TSMC espande l’outsourcing CoWoS: focus su CoW e capacità al 2026

Danny Weber

00:54 17-12-2025

© D. Novikov

TSMC prepara un’ampia espansione dell’outsourcing CoWoS nel 2026: focus sulla fase CoW del packaging 2.5D, partnership OSAT con ASE, SPIL e Amkor per i chip AI.

TSMC si prepara a un’ampia espansione dell’outsourcing per il suo packaging avanzato CoWoS nella seconda metà del 2026. Il baricentro sarà la fase CoW (Chip-on-Wafer) all’interno del packaging 2.5D, considerata da molti la soluzione più matura e ad alta produttività per integrare più chip — un vantaggio chiave per i sistemi di intelligenza artificiale.

Da tempo CoWoS è al centro delle roadmap dei principali sviluppatori di processori per l’AI, e TSMC ha via via rafforzato le proprie capacità interne. Nonostante ciò, i fornitori esterni di assemblaggio e test (OSAT) restano un tassello imprescindibile dell’ecosistema. Tra i partner di riferimento figurano ASE (Sun Moon Light), la controllata SPIL e Amkor, che assorbono una quota del carico legato ai server e alla produzione.

Stando a Electronic Times di Taiwan, TSMC punta ad ampliare in modo significativo l’affidamento all’esterno dei processi CoW a partire dalla seconda metà del 2026. L’iniziativa dovrebbe alleviare la stretta di capacità nel mercato del packaging 2.5D, un collo di bottiglia che continua a frenare le spedizioni dei chip AI di ultima generazione. Le tempistiche lasciano intendere un tentativo di riallineare l’offerta a una curva di domanda che resta incandescente.

Già nel 2024 si parlava di ordini CoW instradati verso aziende esterne. All’epoca il settore segnalava ostacoli come stop nei trasferimenti tecnologici e difficoltà di scalare alla produzione di massa, fattori che avevano contenuto i volumi effettivi. In questo contesto, un passaggio di consegne più ampio nel 2026 appare come il passo pragmatico successivo, non una sterzata improvvisa.

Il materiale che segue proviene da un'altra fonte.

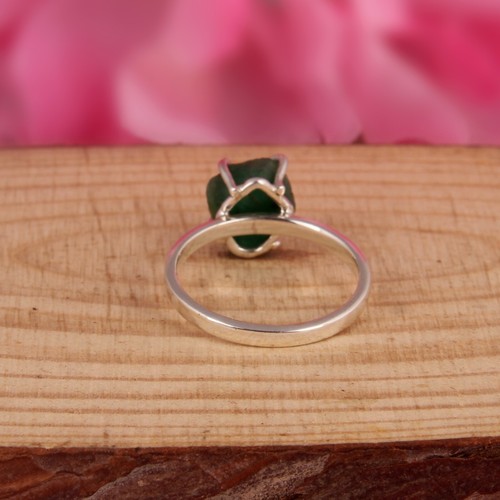 Rough Emerald Gemstone 925 Sterling Silver Engagement Band Ring Gift For Her - Picture 3 of 5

Entro la fine del 2026, le previsioni attuali indicano che la produzione CoWoS interna di TSMC potrebbe attestarsi intorno a 125.000 wafer al mese. In parallelo, i partner OSAT potrebbero spingere la capacità combinata fino a 40.000 wafer al mese: un’iniezione importante mentre la domanda trainata dall’AI continua a crescere. Se questi piani andranno in porto, il margine aggiuntivo dovrebbe allentare la pressione lungo la catena di fornitura, pur senza placare la fame di potenza di calcolo.